Task instructions =>
The pictures do not go in the copy. Reproduce the rest of the entries exactly.

-- Task material follows --

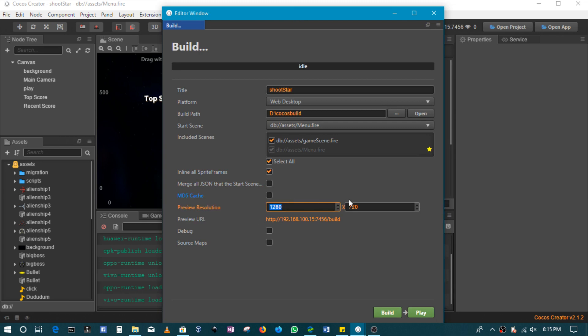Then of course the resolution of your game, your width and height. And then you could see your preview URL. So building with Cocos Creator is pretty straightforward for web.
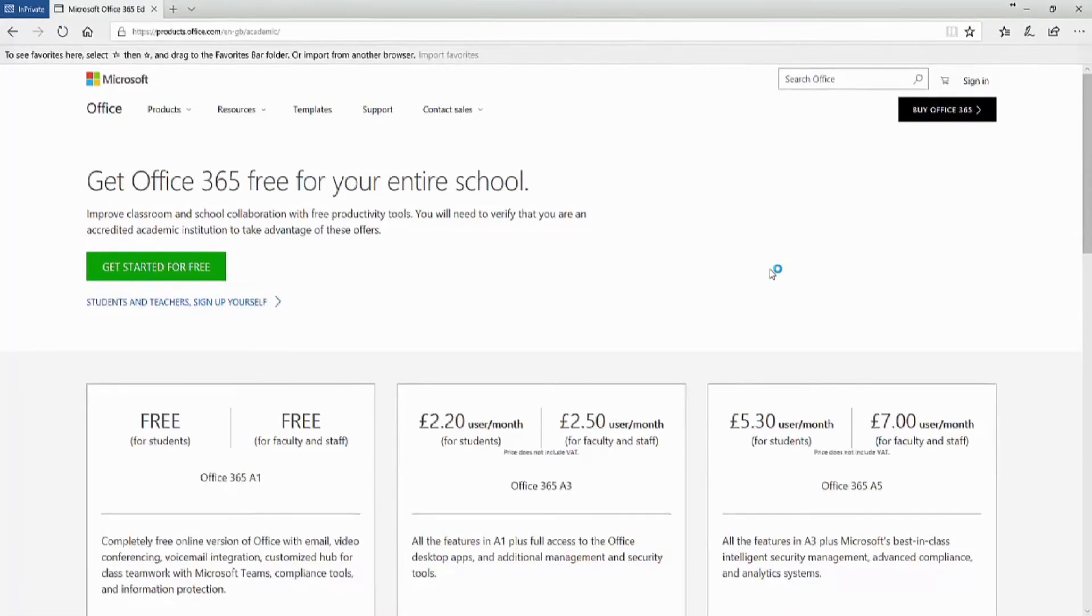Now that you've decided to go with Office 365, you need to sign up for your Education Tenant.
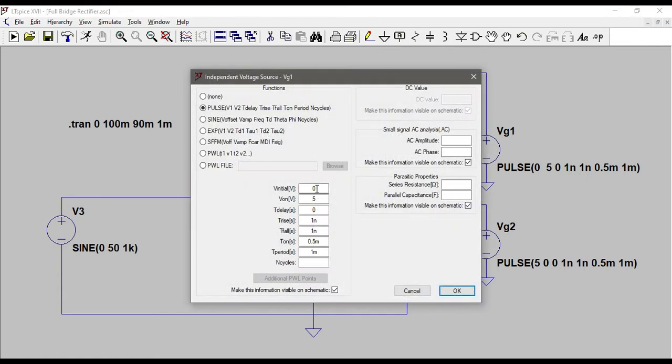You can check that by clicking on VG1, and it goes from 0 to 5 volts with no delay, and these are the values that I have given. I will keep this project, all the files of LTSpice in the description. You can download them and use them.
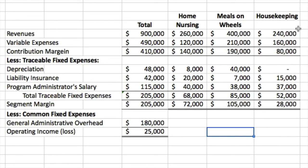Let's look at the second part of this question: recast the above data in a format more useful to management in assessing long-run financial viability of the various services. If you've done Chapter 11, you were probably looking at the original income statement and asking: why are we taking general administrative overhead — an allocated common cost — and putting it in with housekeeping? Why not separate the costs into traceable and common? We wouldn't have had to go through this exercise. Here's what we do now.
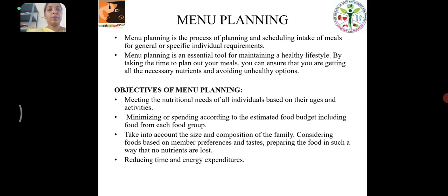Menu Planning is the process of planning and scheduling intake of meals for general or specific individual requirements. This is a tool for maintaining a healthy lifestyle and it ensures that you are getting all the necessary nutrients and avoiding unhealthy options.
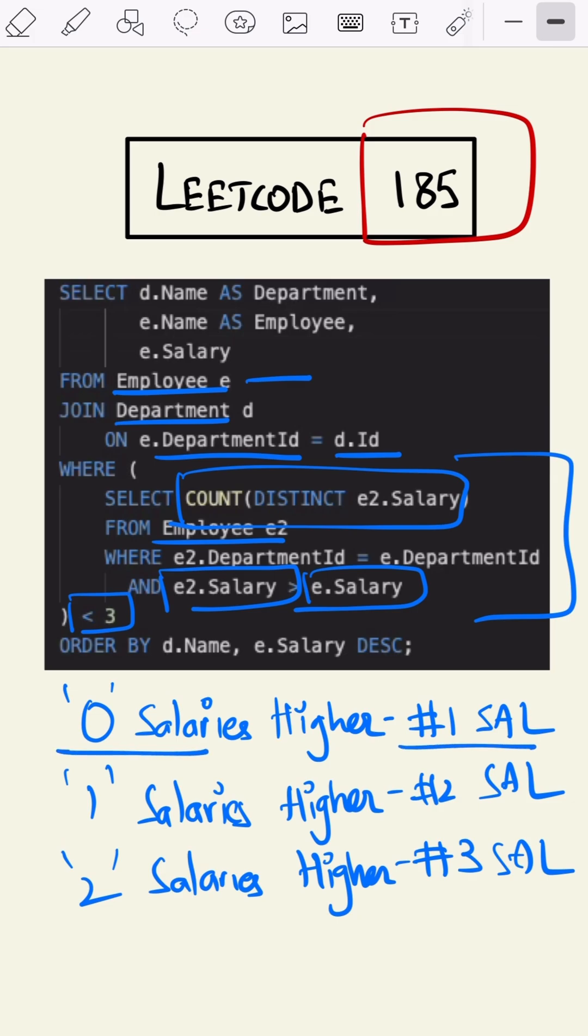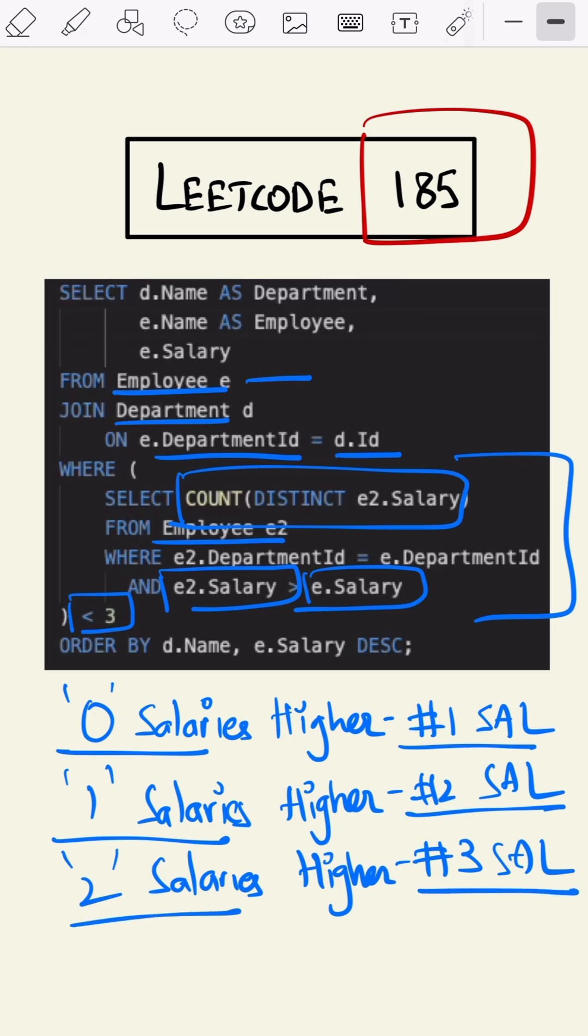If it was equal to one, then we are taking number two salary. And if the count was equal to two or less than three, then we are taking three salaries, which is what we want.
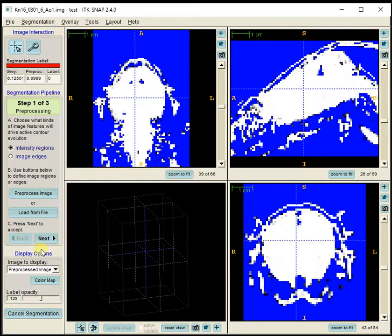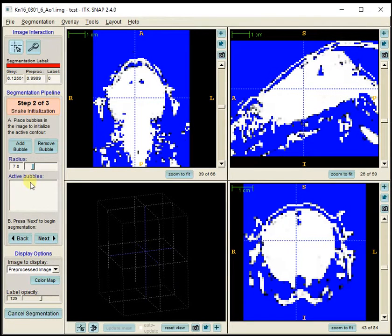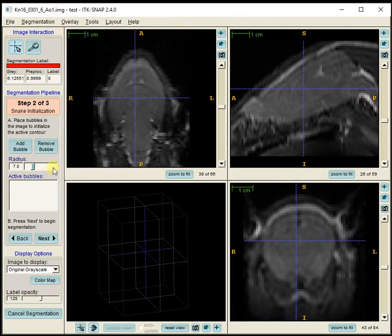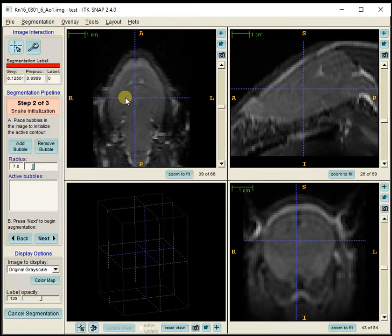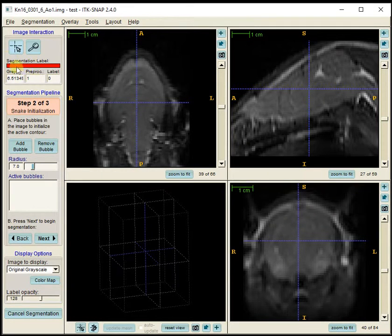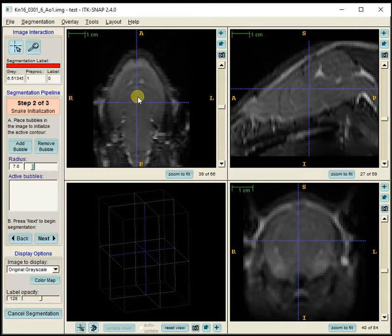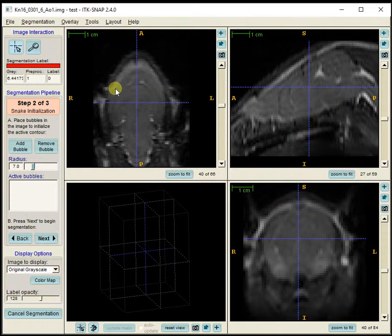Step 2 is snake initialization. I like to change the image display to show the original image at this stage. I'm going to drop seed points — ITK-SNAP refers to them as bubbles — at each place where I want the snake segmentation to begin, giving it several seed points to start the snake growing algorithm. I typically use a radius of five for the brain.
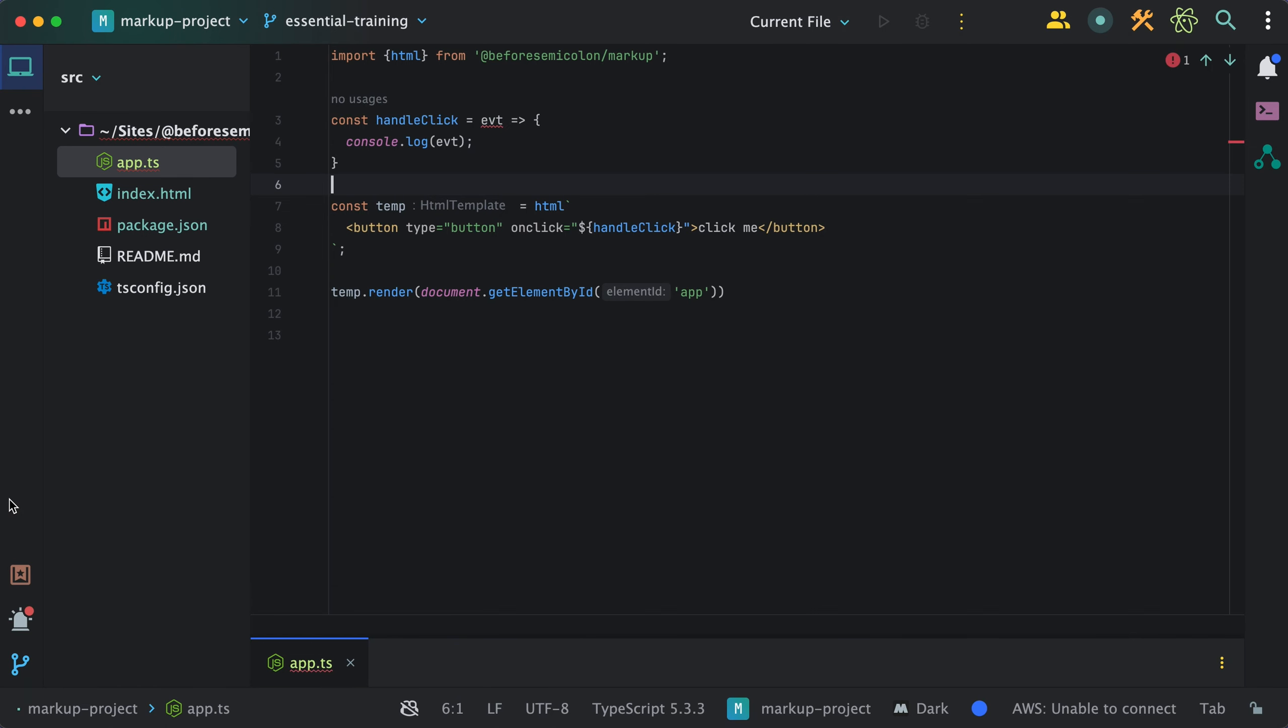What markup is doing is setting event listeners behind the scenes, managing all event handlers for you. If later on I decide to dynamically swap this click event handler for another, markup will know to remove previous listeners and use the new one.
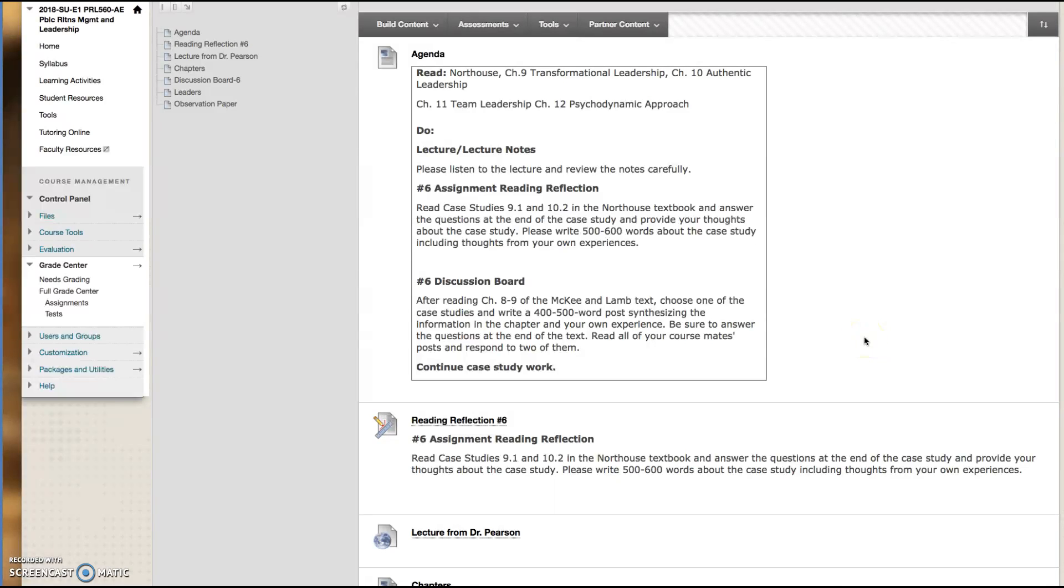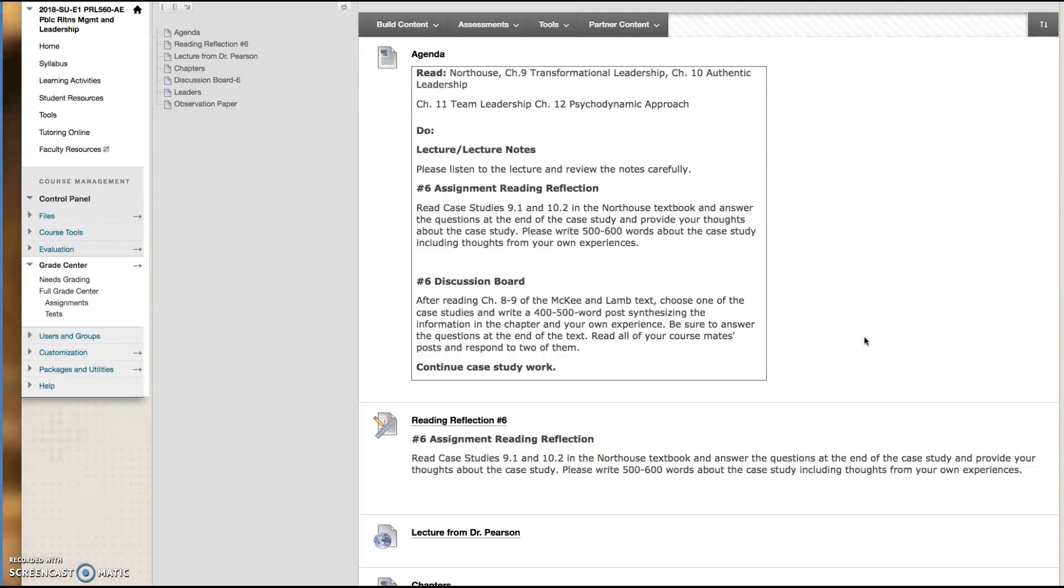Hello! Week 6 has arrived. Believe it or not, we are at week 6 and you're studying a couple of my favorite types of leadership this week: transformational leadership and authentic leadership. You'll also be looking at the psychodynamic approach.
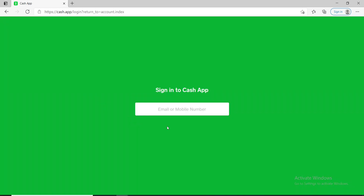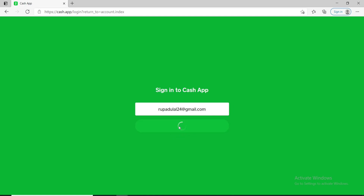Now, in order to sign in to Cash App, go ahead and enter your email address or your mobile number. After you do that, you'll see a new button pop up that says Request Sign In Code — click on it.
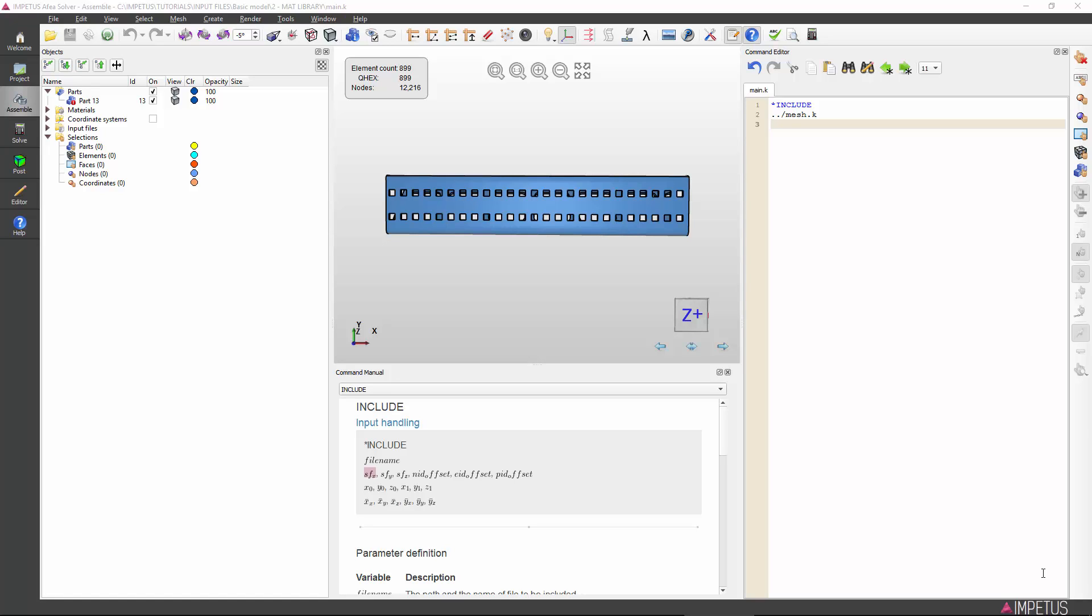Each part in your model must be assigned a material. One material model can be used for many parts, but each part can only be assigned one material. Therefore, you should make sure that the components with different materials are separated in your mesh file.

-- Task material concluded --

The completed task =>
Then of course the resolution of your game, your width and height. And then you could see your preview URL. So building with Cocos Creator is pretty straightforward for web.
Now that you've decided to go with Office 365, you need to sign up for your Education Tenant.
You can check that by clicking on VG1, and it goes from 0 to 5 volts with no delay, and these are the values that I have given. I will keep this project, all the files of LTSpice in the description. You can download them and use them.
Let's look at the second part of this question: recast the above data in a format more useful to management in assessing long-run financial viability of the various services. If you've done Chapter 11, you were probably looking at the original income statement and asking: why are we taking general administrative overhead — an allocated common cost — and putting it in with housekeeping? Why not separate the costs into traceable and common? We wouldn't have had to go through this exercise. Here's what we do now.
Menu Planning is the process of planning and scheduling intake of meals for general or specific individual requirements. This is a tool for maintaining a healthy lifestyle and it ensures that you are getting all the necessary nutrients and avoiding unhealthy options.
If it was equal to one, then we are taking number two salary. And if the count was equal to two or less than three, then we are taking three salaries, which is what we want.
Step 2 is snake initialization. I like to change the image display to show the original image at this stage. I'm going to drop seed points — ITK-SNAP refers to them as bubbles — at each place where I want the snake segmentation to begin, giving it several seed points to start the snake growing algorithm. I typically use a radius of five for the brain.
What markup is doing is setting event listeners behind the scenes, managing all event handlers for you. If later on I decide to dynamically swap this click event handler for another, markup will know to remove previous listeners and use the new one.
Hello! Week 6 has arrived. Believe it or not, we are at week 6 and you're studying a couple of my favorite types of leadership this week: transformational leadership and authentic leadership. You'll also be looking at the psychodynamic approach.
Now, in order to sign in to Cash App, go ahead and enter your email address or your mobile number. After you do that, you'll see a new button pop up that says Request Sign In Code — click on it.
Each part in your model must be assigned a material. One material model can be used for many parts, but each part can only be assigned one material. Therefore, you should make sure that the components with different materials are separated in your mesh file.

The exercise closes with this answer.